The ceiling of Walter's alchemy shack was still smoldering. A Walter-shaped hole sizzled with residual glitter magic as the Magical Law Enforcement Division (MLE) searched the ruins for clues—while Walter and Heisenbones were already miles away.
By miles, we mean slightly underground, in a tavern known to every disreputable magic-user west of the Enchanted DMV:
The Drunk Spellbook.
The tavern smelled like burnt toast, wet owl, and at least one felony. It was where banned sorcerers, cursed gamblers, and off-duty necromancers gathered to get absolutely hexed.
Walter pushed through the swinging stone doors with Heisenbones behind him, wearing a cloak and sunglasses. No one questioned why a skeleton was wearing sunglasses underground. This was The Drunk Spellbook. Weirder things had happened. Just last week, someone turned into a potato trying to pay in exposure.
"Ahh," Heisenbones sighed, sliding onto a barstool. "Home sweet legally ambiguous home."
Walter pulled his hood down and whispered, "Let's keep a low profile. The MLE's probably sweeping the whole region for 'unauthorized potion dispersal' and 'cheese-based religious cults.'"
A troll bartender looked up from polishing a flaming mug. "Name?"

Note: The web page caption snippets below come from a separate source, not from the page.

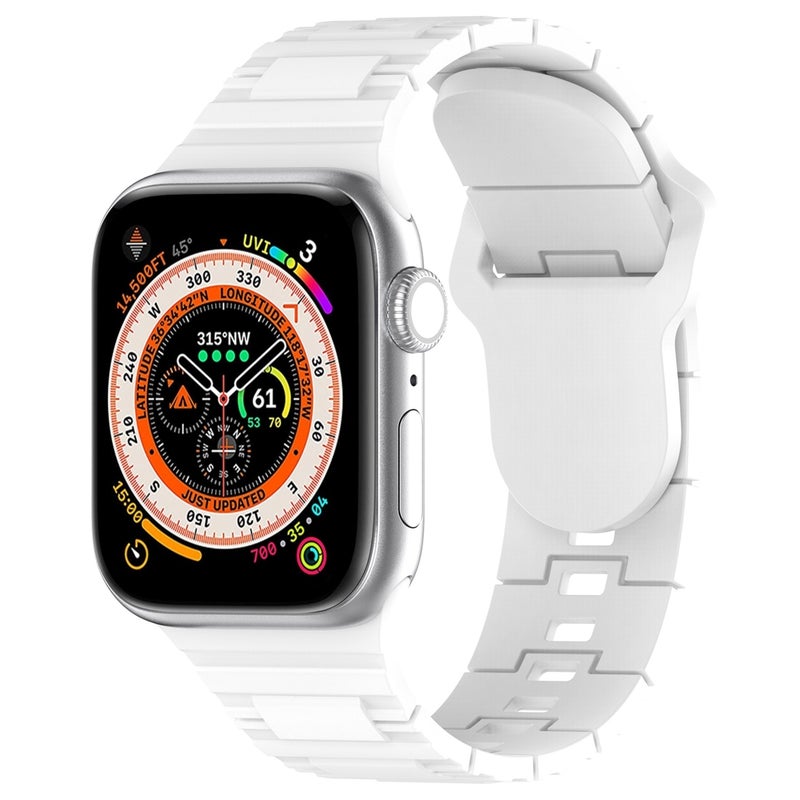 إيروريكس سوار ساعة Apple Watch 42 مم من السيليكون بتصميم مدرع ومشبك مربع (أبيض) - Image 1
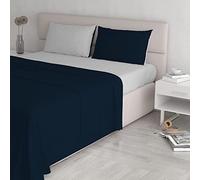 Set Lenzuola Letto Matromoniale Cotone Natural Color, lavorato in Italia - Completo Letto, Lenzuolo Sotto con Angoli, Telo Sopra 90x200cm e Federa con Patella Interna, Blu scuro/grigio chiaro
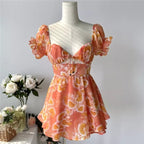 Cute Sweet Floral Print Jumpsuit Chiffon Ruffled Squared Collar Dress Summer Aesthetic Casual E-Girl Kawaii Korean Japanese Harajuku
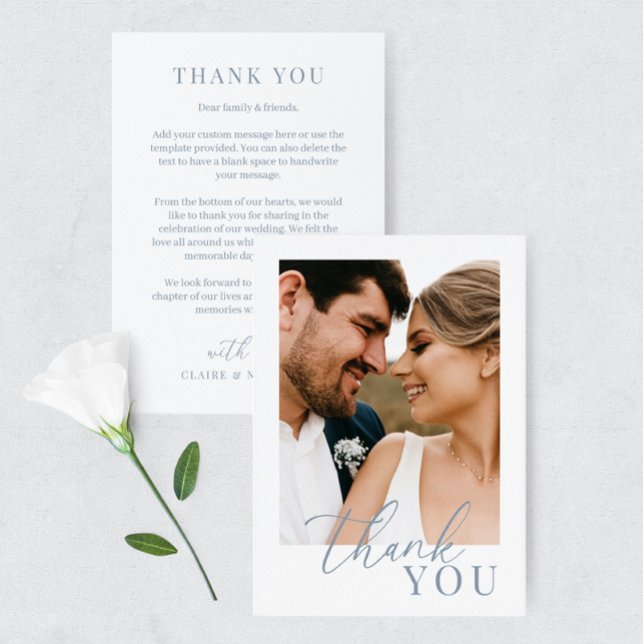 Dusty Blue Modern Elegant Wedding Photo Thank You Card (Creator Uploaded)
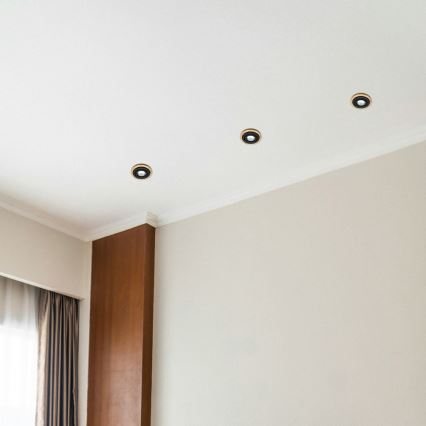 Plafonnier encastré TOBBY 1xGU10/20W/230V Ø 11,5 cm chêne/noir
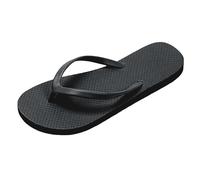 Pantuflas cómodas para mujer con diseño de tiras para playa y uso informal sandalias planas fáciles de poner verano (Black, 42) #140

"Uh… W-Walter," he said before realizing. "I mean… Walterio the Beige. Totally regular wizard guy."
The troll squinted. "The guy that turned a whole town into a love-addled mob?"
"…Nope. That guy sounds… wildly irresponsible. Probably handsome, though."

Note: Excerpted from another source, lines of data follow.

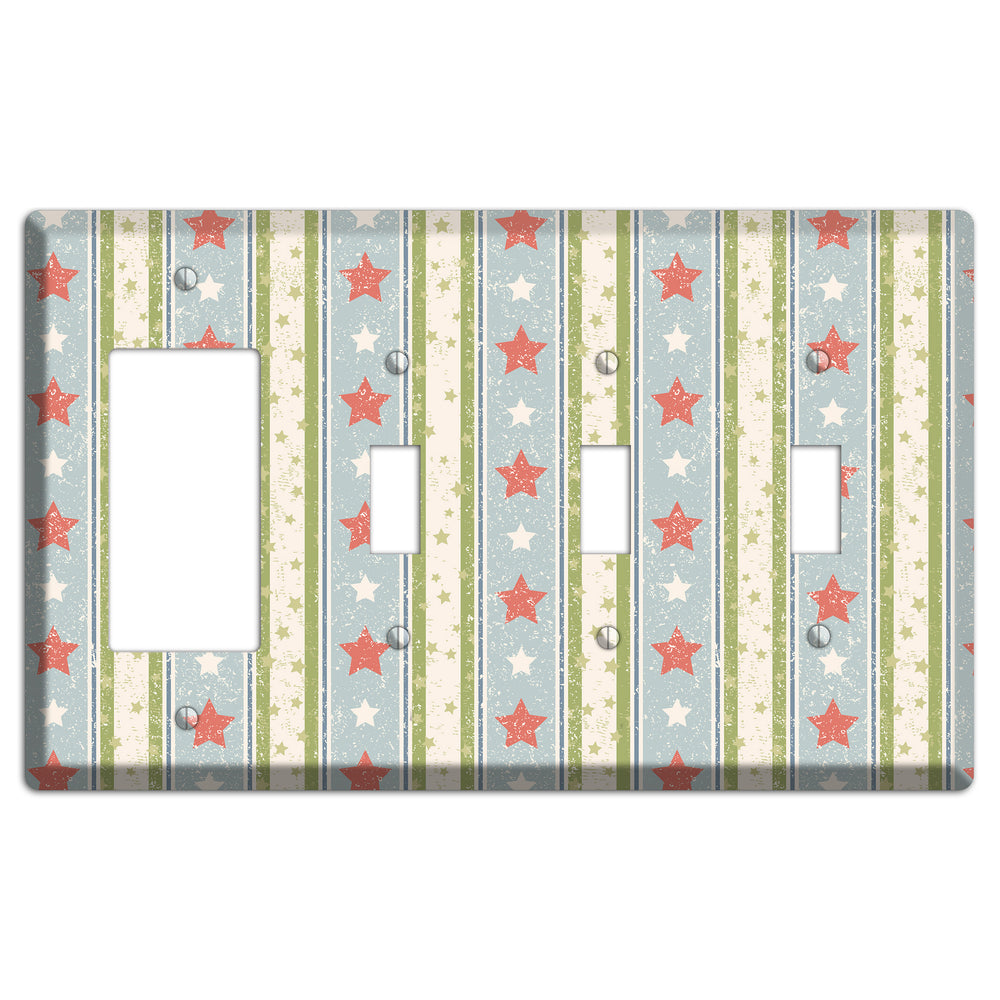 Christmas Morning Rocker / 3 Toggle Wallplate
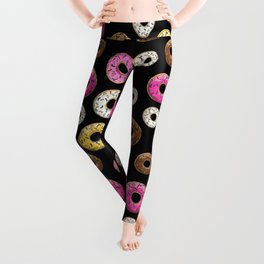 Donut Pattern - Black Leggings
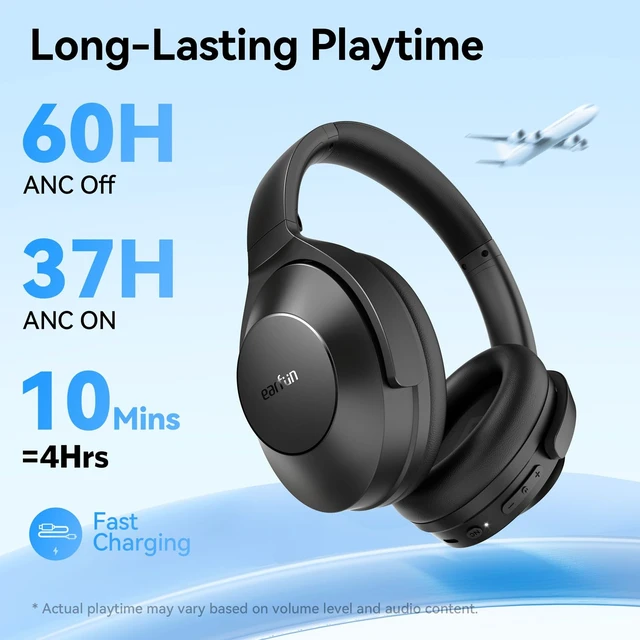 Alt view image 5 of 7 - Wave Life Hybrid Active Noise Cancelling Headphones, Bluetooth 5.4 Wireless Over Ear Headphones, 4 Mics AI Clear Call, Deep Bass, 60H Playtime, Comfortable Fit, Custom EQ Multipoint Connection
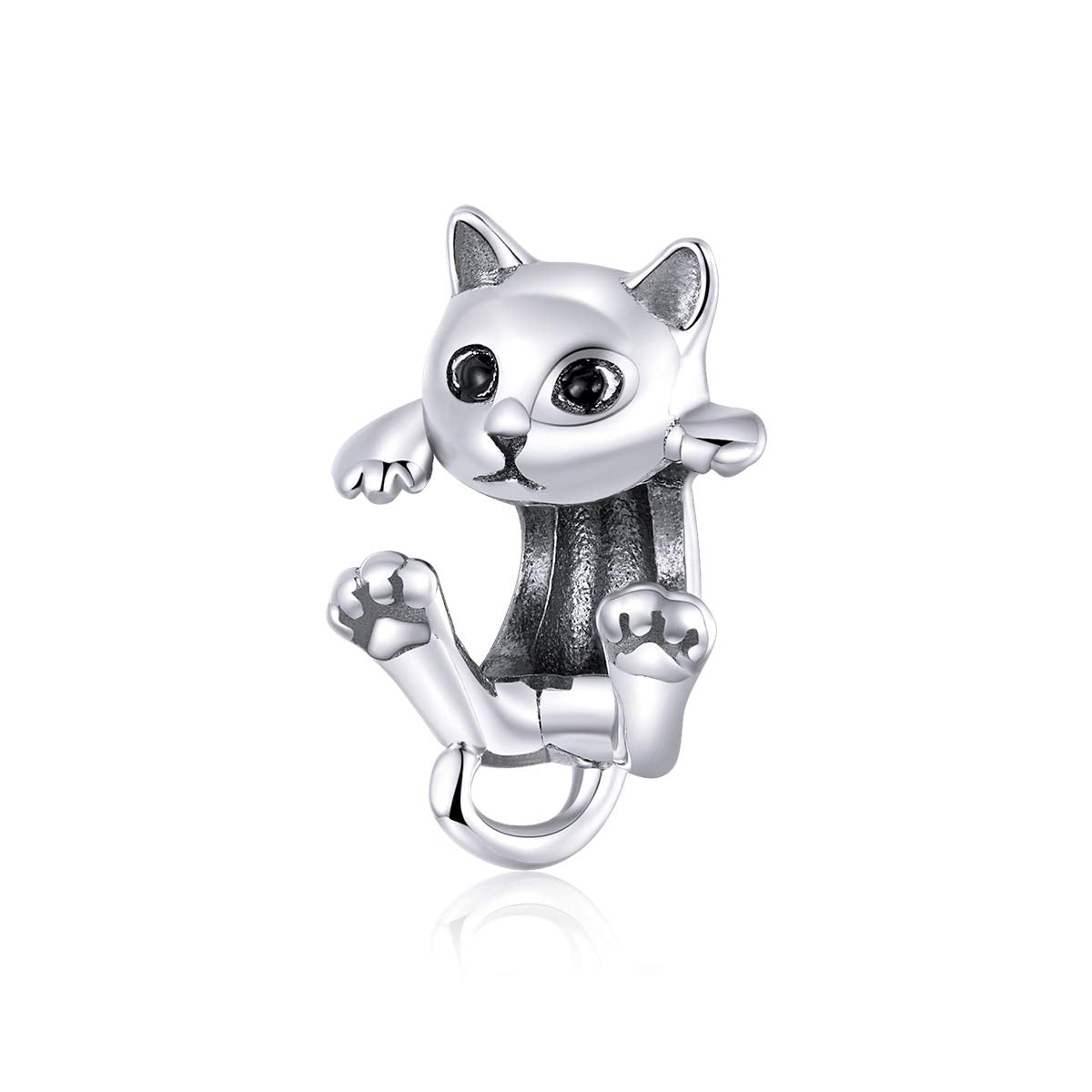 VOROCO Cat Charm for Bracelet 925 Sterling Silver Animal Series Cute Cat Charm for Bracelet Necklace Mother's Day Birthday Chris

The troll shrugged. "Your funeral."
Enter: Slippery Linda
Just as Walter was beginning to enjoy the smell of fried griffin wings and the slow jazz of cursed saxophones, a shadow loomed behind him.
"You've got a real talent for chaos, sugar spell."
Walter turned.
Standing before him was a tall, dangerously confident enchantress in a coat made of stitched-together wanted posters. Her eyes sparkled with illegal knowledge. Her belt was full of potions, and one boot had a knife sticking out of it labeled "Definitely Not Poisoned."
"I'm Slippery Linda," she said with a wink. "I sell hexes, secrets, and occasionally illegal cheese."
Heisenbones gave her a nod. "Name checks out."
Linda leaned in. "Word on the spellvine says you cooked up a love potion so potent it broke three marriage oaths and sparked the first public group therapy session in Mudwater history."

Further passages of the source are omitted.